The Fool is alive with excitement, as I am looking at the possibilities for this month. March 30th, Uranus crossed my DC, which I have identified as a point when new relationships usually begin. That was the day my coworker decided to bring her feelings about our relationship out in the open. Fascinating. We have been talking everyday, having intense conversations. Today, we are going to get together for the first time outside of work.
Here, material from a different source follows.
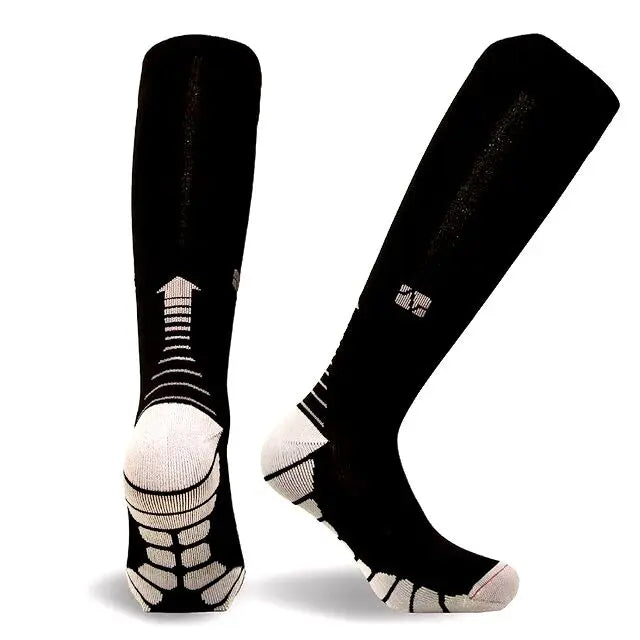 Compression Stockings Blood Circulation Promotion Slimming Compression Socks Anti-Fatigue Comfortable Solid Color Socks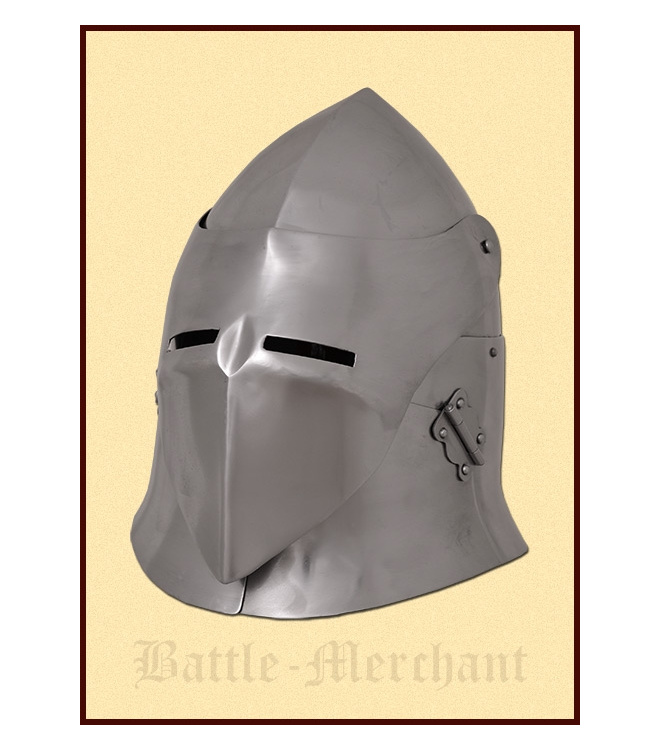 Topfhelm mit Klappvisier, 1,6 mm Stahl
Saturday, there is a lunar eclipse in Libra, which will be opposite my Mars. Eclipses are culminating energy...thresholds. Libra is also a sign of harmony and balance...see where this is going? This is a great time to look at things objectively, as it is easy to get caught in the flow of things. My job right now? Dissatisfaction can be great impetus for change, especially when you begin to weigh it against the reality of your potential. I have begun acting instead of merely carrying the burden begrudgingly.

Peace has become more of a focus, as I have found the energy of the city a bit overwhelming. At first, I was excited about the possibilities, which now I see more as distractions. The excitable, restless, and often destructive 5 energy of last year, has yielded to a desire for comfort, structure, and routine. I desire true partnership, in the romantic, platonic, and professional sense.

I've learned to be careful with desire, in terms of what that implies. "Gimme" mentality is shattering, as I realize we don't get want we want simply by being "good" people. The question is: what can I bring to the table? How can I balance the scales/reciprocate? If the time for harvest comes, but there have been no seeds planted and no soil worked, there is nothing to show. Also important, realistic expectations of desires fulfillment. A new relationship is just the beginning. A new job is just the beginning. Achievement has its moment, as it should, but the joy is also in the process.

April is my 1 month, so the energy of beginning anew is very present. I'm looking forward to beginning new journeys in career and relationship, now that I have made up my mind. I hope you're enjoying Spring wherever you are!!